Kids use "language as refuge'

Bilingual education evolves; But critics worry that preserving native tongues leads to new segregation

Jordan Wong, 10, hopes to leave his fifth-grade class at Francis Scott Key School in the Sunset District speaking better Cantonese. His classmate Ho Ming Chin, also 10, wants to speak better English.

The San Francisco school district wants to see Jordan and Ho Ming literate in both languages.

In this age of global markets, that may sound like a good idea. But critics say that for the 18,600 youngsters in The City’s public schools who speak limited English, the new emphasis on maintaining students’ native languages at the same time that they are learning English encourages segregation.

“I see people using language as a refuge, not mixing with other people who don’t speak Chinese,” said Robert Lee, whose daughter is in a fourth-grade bilingual class at Key. “I want my child to be able to mix with all types of children.”

When it comes to languages, the San Francisco schools have their work cut out for them. Fully one-third of the students speak a language other than English at home, with a staggering 79 native languages listed.

The district’s ambitious bilingual program offers instruction in seven of the most widely spoken languages and costs about $ 37 million a year, including teachers’ salaries, mostly from state and federal funds.

To achieve its goal of producing truly bilingual, biliterate graduates, the district is phasing out bilingual classes scattered throughout The City and designating 15 schools at which such programs will be clustered.

By the time the program is implemented, in three to five years, students will have the option of remaining in bilingual classes even after they become proficient in English.

“We’re looking at focusing on language as a strength, rather than a deficit,” said district Superintendent Bill Rojas. He noted that too often, students whose English is limited spent years trying to learn English and lose their native languages, only to find that colleges require them to take courses in a foreign language.

“That makes no sense,” he said. “We’re entering a global economy. We can’t just sell in English anymore. We have to sell in other language markets.”

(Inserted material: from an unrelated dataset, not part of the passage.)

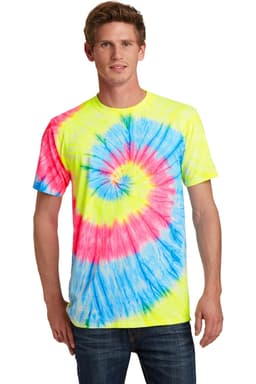 A man wearing a vibrant tie-dye tee in bright yellow, blue, and pink colours, with a spiral pattern. The shirt has a logo.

After 1974, when the U.S. Supreme Court ruled in a San Francisco case that students with limited English skills were entitled to instruction they understood, bilingual classes were launched in school districts across the country.

Most are either English-as-a-second-language classes, in which students are taught in English, or bilingual classes, designed to teach students core subjects, such as history and science, in their native languages while they learn English.

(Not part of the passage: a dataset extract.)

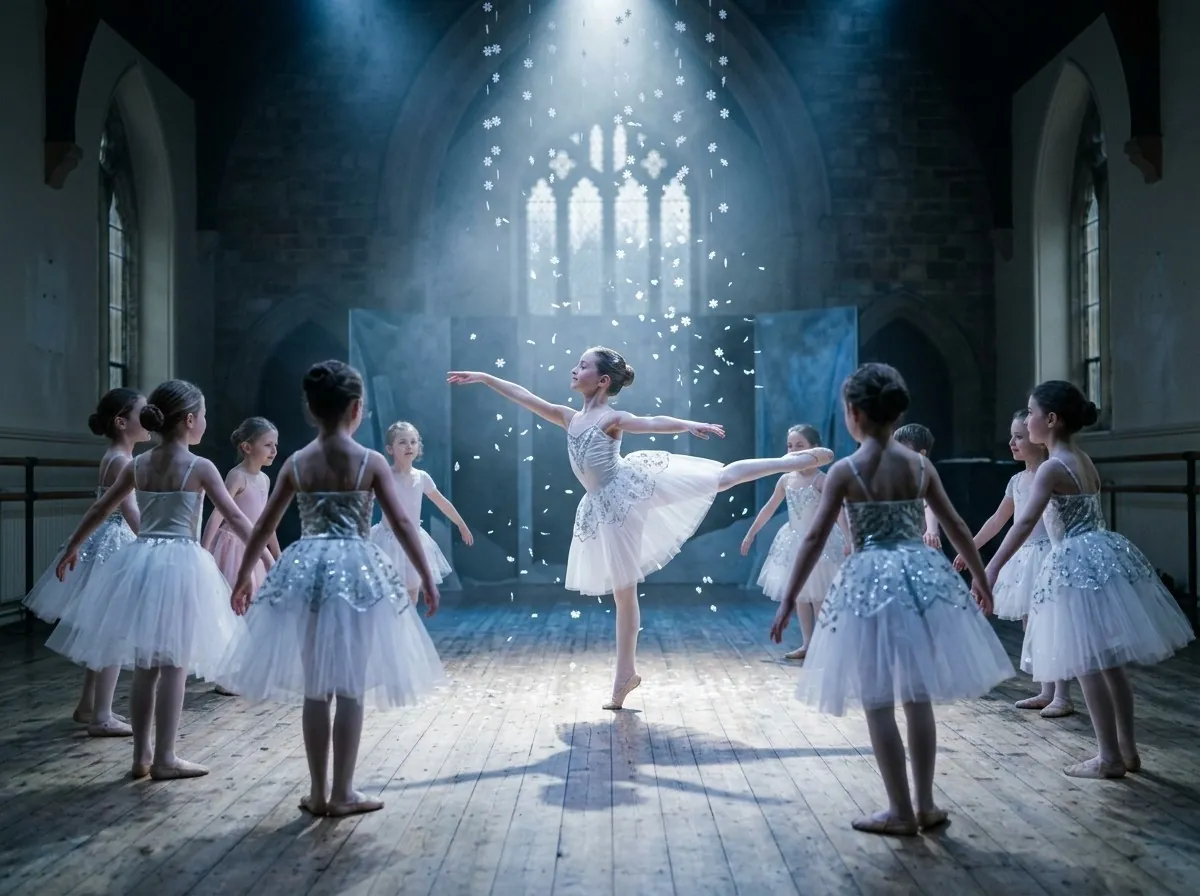 Young dancers in white snowflake tutus on stage under blue light and falling snow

But from the beginning, bilingual education has met with opposition from parents, administrators and teachers. Some believed it kept immigrant students from assimilating, while others said it placed too little importance on English.

As the country has become more multicultural and immigration issues have become more virulent, the debate has intensified.

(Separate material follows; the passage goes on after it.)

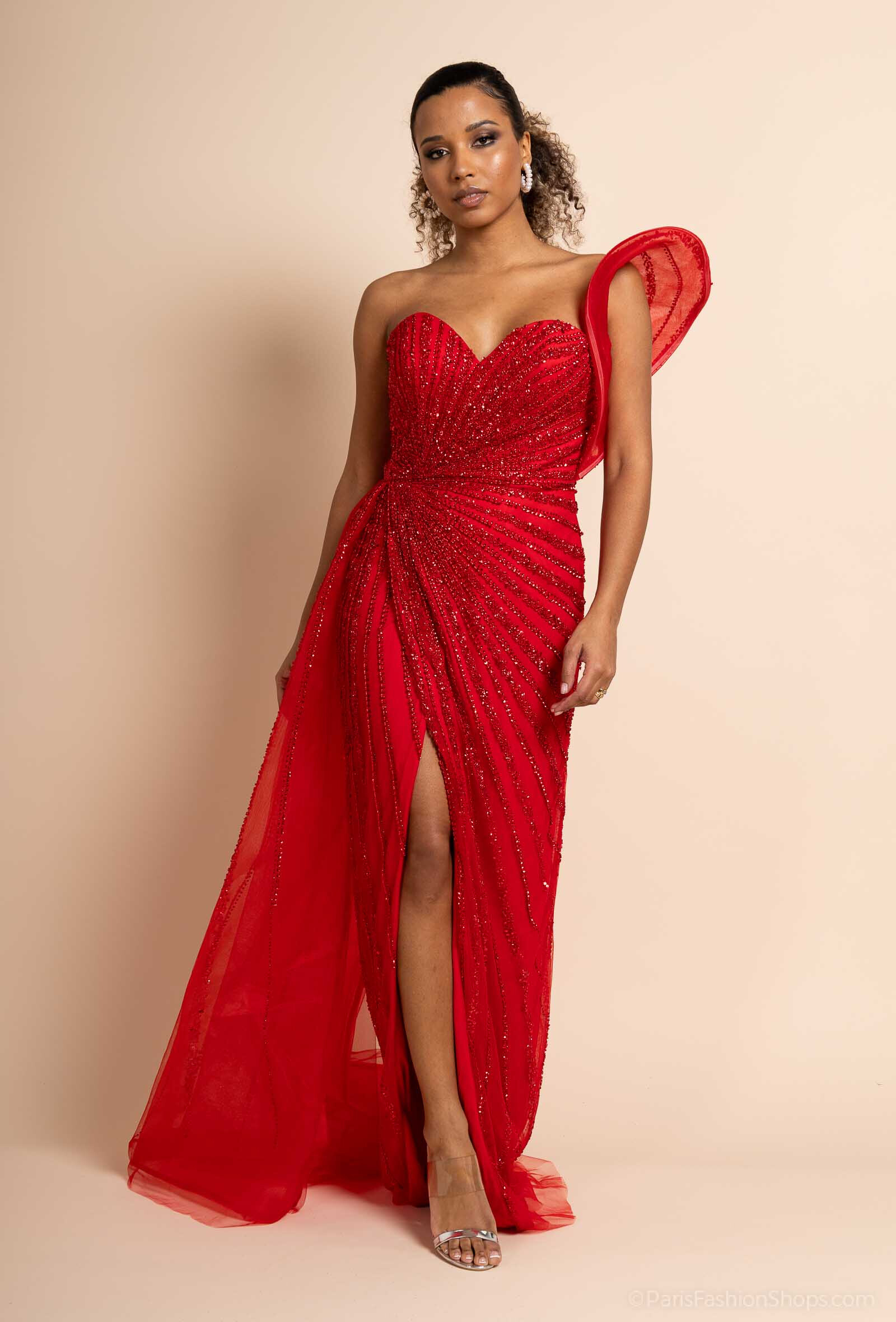 Grossiste Promarried - Robe de Cocktail Fourreau Rouge – Élégance et Éclat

In Sacramento earlier this month, the state Board of Education was flooded with comment when it announced it would consider relaxing the policy requiring schools to teach kids in their native languages when feasible. The board is set to decide in January.

San Francisco’s new emphasis falls in line not only with current state guidelines but with U.S. Department of Education goals of creating a generation of bilingual professionals. Yet for all its progressiveness, the program has serious flaws:

In some schools, students in the bilingual program spend the entire day together, having little interaction with other students. Federal and district desegregation policies require that bilingual students spend at least 20 percent of their time in the mainstream, but critics say even that is not enough.

Last year, the state Department of Education cited the district for failing to comply with state bilingual standards, mentioning problems including a lack of qualified teachers, a shortage of teaching materials and poor training for teachers and aides.

In partial response, the district hired 44 new bilingual teachers with excellent foreign language skills but little classroom experience. In the shuffle, many teachers with seniority were removed from bilingual classes they had taught for years, causing a great deal of turmoil.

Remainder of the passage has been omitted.